Jet de vapeur plus puissant que la normale sur le volcan Hakone, 06 mai 2015
Un puissant jet de vapeur dans la vallée d'Owakudani.Image: JMA
Je rappelais plus haut que de nombreuses crises de ce type ont été enregistrées par le passé. Les études qui ont été menées à leur sujet ont aboutis à plusieurs conclusions.
Tout d'abord le sous sol du volcan est visiblement très fracturé et le réseau de fissures qui s'y trouve est plutôt orienté verticalement. Ces fractures, quasiment parallèles, sont remplies de fluides et, lorsqu'elles sont déstabilisées, peuvent générer des crises sismiques et des déformations de la croûte. Ce fut le cas à plusieurs reprises, en particulier au moment du passage des ondes du séisme de Tokohu, le 11 mars 2011: le système volcanique avait alors régit fortement par une crise sismique qui avait compté plus de 1600 secousses.

Réaction du système volcanique Hakone au passage des ondes du séismes de Tokohu, mars 2011. Image: Y.Yukutahe et al, 2011.

Le suivi de la composition des gaz émis par l'activité fumerolienne a permis de constater des changements associés aux crises sismiques de 2001 (la plus importante répertoriée depuis le début du suivi sismique de ce volcan, en 1968), 2006 et 2008. Ce changement sont cohérents avec l'apport de gaz en provenance d'une source magmatique profonde, supplément à même de déstabiliser les équilibres qui s'installent dans les systèmes hydrothermaux, et de générer ces crises. Il faut bien comprendre ici que le magma ne participe jamais directement mais constitue seulement la source de chaleur et de fluides qui s'échappent à la surface.

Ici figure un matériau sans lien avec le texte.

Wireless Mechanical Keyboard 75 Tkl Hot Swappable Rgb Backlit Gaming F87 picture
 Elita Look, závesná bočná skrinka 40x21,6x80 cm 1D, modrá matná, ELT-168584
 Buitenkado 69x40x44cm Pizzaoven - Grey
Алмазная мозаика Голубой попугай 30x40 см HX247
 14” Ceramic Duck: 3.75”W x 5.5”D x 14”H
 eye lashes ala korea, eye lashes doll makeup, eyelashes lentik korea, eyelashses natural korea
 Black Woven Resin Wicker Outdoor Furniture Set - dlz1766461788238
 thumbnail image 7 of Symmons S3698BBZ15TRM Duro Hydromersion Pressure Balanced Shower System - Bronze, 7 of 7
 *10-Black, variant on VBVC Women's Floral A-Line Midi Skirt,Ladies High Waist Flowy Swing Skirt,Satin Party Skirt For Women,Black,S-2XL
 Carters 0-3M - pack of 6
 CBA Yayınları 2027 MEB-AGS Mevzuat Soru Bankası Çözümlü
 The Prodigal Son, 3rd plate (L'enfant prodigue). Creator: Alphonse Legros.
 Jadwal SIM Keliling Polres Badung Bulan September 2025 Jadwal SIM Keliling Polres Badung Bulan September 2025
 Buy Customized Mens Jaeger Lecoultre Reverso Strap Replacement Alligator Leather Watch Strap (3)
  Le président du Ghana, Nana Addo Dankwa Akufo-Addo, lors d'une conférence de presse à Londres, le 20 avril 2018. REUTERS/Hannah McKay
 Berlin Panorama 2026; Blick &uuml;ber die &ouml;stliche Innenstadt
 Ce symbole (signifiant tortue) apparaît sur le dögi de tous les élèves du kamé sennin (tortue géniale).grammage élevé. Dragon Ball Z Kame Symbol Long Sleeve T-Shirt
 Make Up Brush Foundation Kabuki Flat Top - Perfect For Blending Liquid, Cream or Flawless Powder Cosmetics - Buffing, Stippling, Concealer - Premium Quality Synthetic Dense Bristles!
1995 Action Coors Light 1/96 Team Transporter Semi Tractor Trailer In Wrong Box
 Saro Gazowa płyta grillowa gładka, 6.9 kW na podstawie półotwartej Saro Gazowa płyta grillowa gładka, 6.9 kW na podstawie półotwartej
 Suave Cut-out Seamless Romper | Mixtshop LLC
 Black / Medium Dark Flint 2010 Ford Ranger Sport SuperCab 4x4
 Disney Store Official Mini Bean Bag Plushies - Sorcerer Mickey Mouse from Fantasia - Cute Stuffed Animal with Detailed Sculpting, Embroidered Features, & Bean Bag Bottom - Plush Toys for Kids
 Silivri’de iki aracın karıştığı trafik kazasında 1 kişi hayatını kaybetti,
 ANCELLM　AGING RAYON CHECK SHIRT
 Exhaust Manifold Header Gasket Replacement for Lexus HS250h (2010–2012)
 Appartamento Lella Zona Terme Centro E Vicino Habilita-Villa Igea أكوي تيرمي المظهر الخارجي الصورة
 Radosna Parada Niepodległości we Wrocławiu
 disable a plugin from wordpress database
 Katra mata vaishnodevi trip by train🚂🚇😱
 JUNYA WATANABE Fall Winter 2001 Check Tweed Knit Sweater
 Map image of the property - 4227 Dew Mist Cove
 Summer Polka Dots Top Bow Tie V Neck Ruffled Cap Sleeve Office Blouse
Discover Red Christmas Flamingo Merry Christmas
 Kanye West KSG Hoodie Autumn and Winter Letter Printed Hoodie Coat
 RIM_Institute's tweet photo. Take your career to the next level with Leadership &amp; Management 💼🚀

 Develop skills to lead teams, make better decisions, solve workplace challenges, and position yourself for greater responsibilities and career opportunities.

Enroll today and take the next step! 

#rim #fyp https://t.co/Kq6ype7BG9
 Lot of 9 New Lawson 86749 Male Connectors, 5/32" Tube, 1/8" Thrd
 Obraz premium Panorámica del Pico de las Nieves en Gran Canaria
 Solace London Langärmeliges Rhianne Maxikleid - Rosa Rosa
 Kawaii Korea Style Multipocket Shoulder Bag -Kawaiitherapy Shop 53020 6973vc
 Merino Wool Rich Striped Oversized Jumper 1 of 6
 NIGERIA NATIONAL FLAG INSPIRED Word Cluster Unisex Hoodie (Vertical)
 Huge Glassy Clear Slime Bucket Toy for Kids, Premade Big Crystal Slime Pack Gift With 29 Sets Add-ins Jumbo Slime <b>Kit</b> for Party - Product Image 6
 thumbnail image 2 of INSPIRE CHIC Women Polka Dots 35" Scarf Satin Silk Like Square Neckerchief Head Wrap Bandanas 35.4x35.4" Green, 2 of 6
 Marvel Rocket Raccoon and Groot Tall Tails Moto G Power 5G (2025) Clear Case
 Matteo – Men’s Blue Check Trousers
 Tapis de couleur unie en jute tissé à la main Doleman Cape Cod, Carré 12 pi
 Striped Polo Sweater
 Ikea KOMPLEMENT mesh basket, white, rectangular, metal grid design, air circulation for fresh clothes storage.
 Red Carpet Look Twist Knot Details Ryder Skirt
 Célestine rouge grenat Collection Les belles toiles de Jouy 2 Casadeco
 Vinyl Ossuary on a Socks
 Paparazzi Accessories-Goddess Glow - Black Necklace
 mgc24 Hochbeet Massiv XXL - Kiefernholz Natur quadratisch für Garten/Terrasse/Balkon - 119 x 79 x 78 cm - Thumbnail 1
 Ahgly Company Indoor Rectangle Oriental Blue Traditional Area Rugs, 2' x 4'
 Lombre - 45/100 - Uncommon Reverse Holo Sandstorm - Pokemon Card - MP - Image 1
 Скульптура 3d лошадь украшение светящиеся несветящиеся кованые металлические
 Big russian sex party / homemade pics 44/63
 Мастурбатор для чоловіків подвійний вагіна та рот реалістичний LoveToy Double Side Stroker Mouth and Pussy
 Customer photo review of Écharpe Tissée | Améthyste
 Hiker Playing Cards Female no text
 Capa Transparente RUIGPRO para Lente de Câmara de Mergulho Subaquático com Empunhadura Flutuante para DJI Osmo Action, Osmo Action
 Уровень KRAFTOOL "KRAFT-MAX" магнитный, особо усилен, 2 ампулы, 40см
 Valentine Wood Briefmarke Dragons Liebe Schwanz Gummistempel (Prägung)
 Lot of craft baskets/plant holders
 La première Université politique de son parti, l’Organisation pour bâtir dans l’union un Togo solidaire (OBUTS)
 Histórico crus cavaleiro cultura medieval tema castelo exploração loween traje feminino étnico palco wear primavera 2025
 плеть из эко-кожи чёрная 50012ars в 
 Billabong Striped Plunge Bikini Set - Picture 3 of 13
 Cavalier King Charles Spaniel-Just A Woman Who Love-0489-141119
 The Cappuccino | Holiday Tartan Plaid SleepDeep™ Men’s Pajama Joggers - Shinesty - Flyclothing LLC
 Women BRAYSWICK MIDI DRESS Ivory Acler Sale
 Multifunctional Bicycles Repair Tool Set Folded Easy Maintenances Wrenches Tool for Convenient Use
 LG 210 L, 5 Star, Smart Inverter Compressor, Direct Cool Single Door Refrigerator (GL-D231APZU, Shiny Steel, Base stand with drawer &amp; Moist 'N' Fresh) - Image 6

Il faut redire combien ces systèmes hydrothermaux sont complexes, constitué de paramètres d'ordre  physiques, chimiques, thermodynamiques et mécaniques, paramètres qui varient non seulement latéralement (du nord au sud et d'est en ouest), mais aussi en profondeur, et qui sont particuliers à chaque volcan. Cela revient à dire que personne (et je ne suis pas certain que ce soit humainement possible) ne peut anticiper la conclusion à une telle situation de déstabilisation: explosion ou pas?
La règle de base qui s'applique est, évidemment, celle du risque minimum: interdiction d'accéder à la zone par les autorités, jusqu'à ce que les volcanologues aient une vision plus claire de l'évolution de la situation.